La partie boisée représente ilha de la propriété, c'est peu mais ce bois constitue en fait une partie d'une forêt de 12 ha dont la majorité appartient à une famille du secteur. Ces bois ont un réel caractère sauvage et rural, typique du secteur, à base de chênes pédonculés et de châtaigniers, complétés par des aulnes, des frênes et de quelques peupliers plantés dans les parties humides. Le bois est séparé de la forêt par le ruisseau de la Corbonais, ruisseau temporaire recalibré sur certains secteurs mais qui présente sur le site un faciès naturel riche en blocs, méandres et graviers. L'histoire de ce bois (voir ci-dessous) explique la diversité des essences et des conditions de vie, qui génèrent des sous-bois eux aussi diversifiés, avec le houx, le chèvrefeuille ou le tamier, et une riche flore de fougères (10 espèces), d'anémones des bois, de lamiers, d'euphorbe des bois, de sceaux de Salomon, de Dorine dans les parties humides, et aussi de quelques pieds d'Epipactis helleborine,orchidée des bois clairs. L'entretien y est très modeste, c'est notre espace sauvage, et les bois morts sur pied ou au sol sont assez fréquents, et supports de vie pour une faune adaptée (pics épeiche, mar, épeichette), lucanes et autres invertébrés. Le cortège des oiseaux est assez classique, à part le Loriot ou le pic mar et parfois la visite de l'Autour, celui des mammifères également, observé à la caméra nocturne (Blaireau, martre, renard, hérisson, putois, chevreuil, sanglier, lièvre, ...). La salamandre et la grenouille rousse y sont fréquentes et se reproduisent dans les flaques, mares et prairies humides proches. Le site n'est pas exceptionnel, mais il faut noter quand même dans la forêt la présence de deux espaces de landes humides, habitat d'intérêt communautaire, avec le cortège associé (Bruyère ciliée, callune, ajonc nain, cirse d'Angleterre, Orchis tacheté, ...), qui marquent bien le caractère acide et peu fertile de ce secteur, ce qui n'empêche pas sa richesse écologique.

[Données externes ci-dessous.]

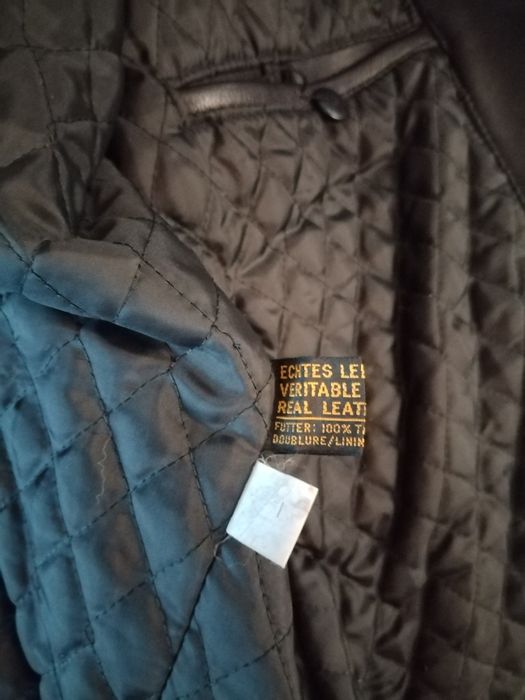 Vând geaca piele mc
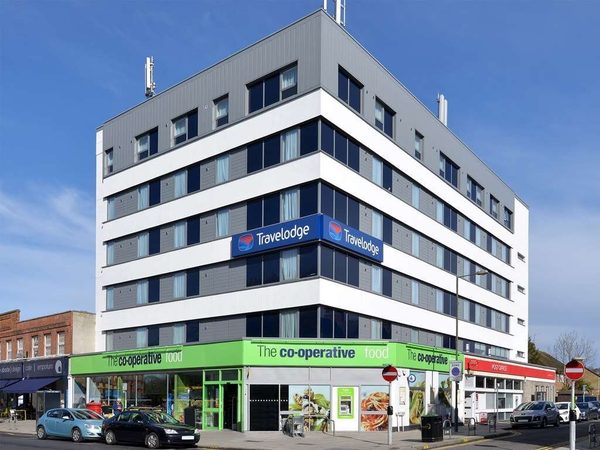 Travelodge London Raynes Park London England — Property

Elle est passionnante et reste encore en partie à préciser. A partir des photos aériennes anciennes, des témoignages et des relevés de terrain, nous pouvons estimer 3 époques :
- fin 19e siècle jusqu'au milieu du 20e siècle, la forêt n'en est pas une. Le site est très utilisé par l'agriculture. Les talus encore présents, le recalibrage du ruisseau, la lande témoignent d'un usage agricole qui devait exister sous forme de pâtures, de landes pâturées ou de bois très exploités pour le chauffage. Les bois représentaient alors une surface beaucoup plus modeste qu'aujourd'hui.
- après la seconde guerre mondiale, l'intensification agricole va se traduire par l'abandon des mauvaises terres. Les landes et prairies humides sont donc boisées, soit artificiellement par plantation (ici de châtaigniers sur une parcelle, pins sylvestres isolément, et de peupliers sur certaines parties), soit naturellement par dynamique des saules, aulnes et frênes, secondairement des chênes. Le paysage d'aujourd'hui est donc le résultat de ces deux dynamiques, qui se traduisent par la mixité des faciès, bien loin d'une futaie régulière. C'est ce qui donne son caractère sauvage à ces boisements. Dans les clairières et en lisière, les ronces et les saules roux-cendré constituent des fourrés peu pénétrables. Le bois n'est guère plus utilisé que pour la chasse (à la bécasse en particulier) et quelques exploitations de châtaigniers en taillis. Il faut noter que les bois étaient complétés par des vergers, très présents dans l'espace agricole, et un réseau de haies de chênes pédonculés (traités en ragosses, arbres d'émonde), le tout étant exploité pour différents usages du bois et des fruits.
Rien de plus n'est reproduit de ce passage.